● **Assignment**
Look through the data below for the line with "Renault Clio 2020", and transcribe it exactly together with each line after it up to and including the line with "DESIGNSTUFF Eco Dish Brush, Black - Image 6". Give nothing else.

● **Source material**
▽

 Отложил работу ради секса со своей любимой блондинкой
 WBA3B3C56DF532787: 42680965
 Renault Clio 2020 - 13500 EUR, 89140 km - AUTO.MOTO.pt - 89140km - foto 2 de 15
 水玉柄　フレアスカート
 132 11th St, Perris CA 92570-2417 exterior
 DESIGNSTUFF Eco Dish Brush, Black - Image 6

△
▽

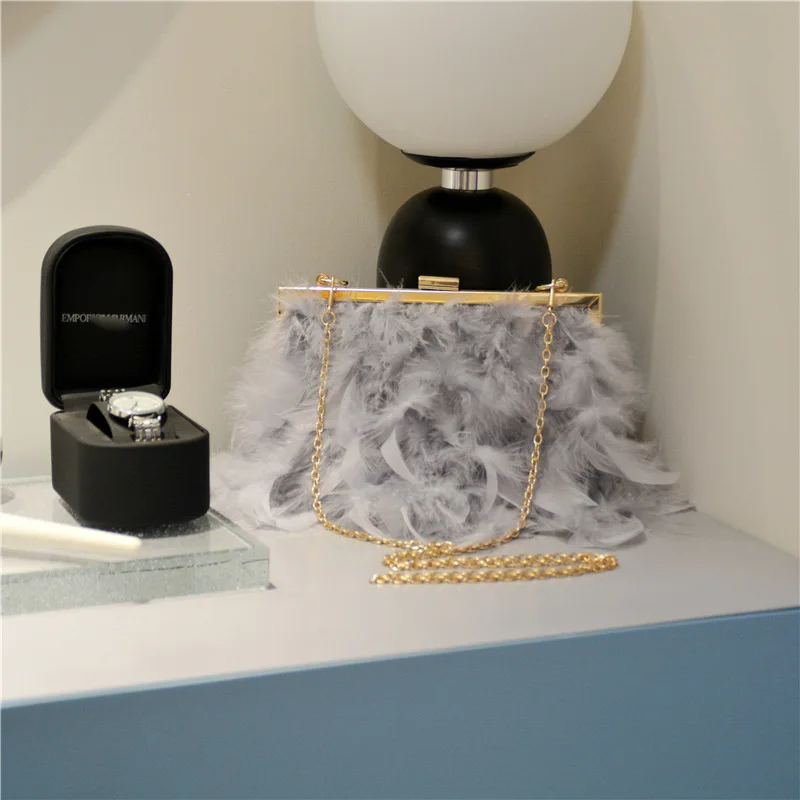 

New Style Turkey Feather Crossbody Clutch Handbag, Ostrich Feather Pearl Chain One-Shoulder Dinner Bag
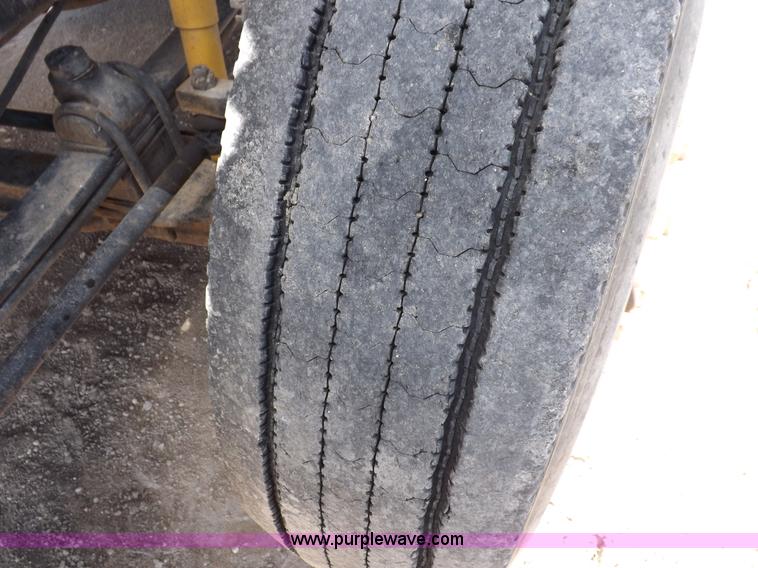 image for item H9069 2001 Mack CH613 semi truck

△

● **Response for this exercise**
 Renault Clio 2020 - 13500 EUR, 89140 km - AUTO.MOTO.pt - 89140km - foto 2 de 15
 水玉柄　フレアスカート
 132 11th St, Perris CA 92570-2417 exterior
 DESIGNSTUFF Eco Dish Brush, Black - Image 6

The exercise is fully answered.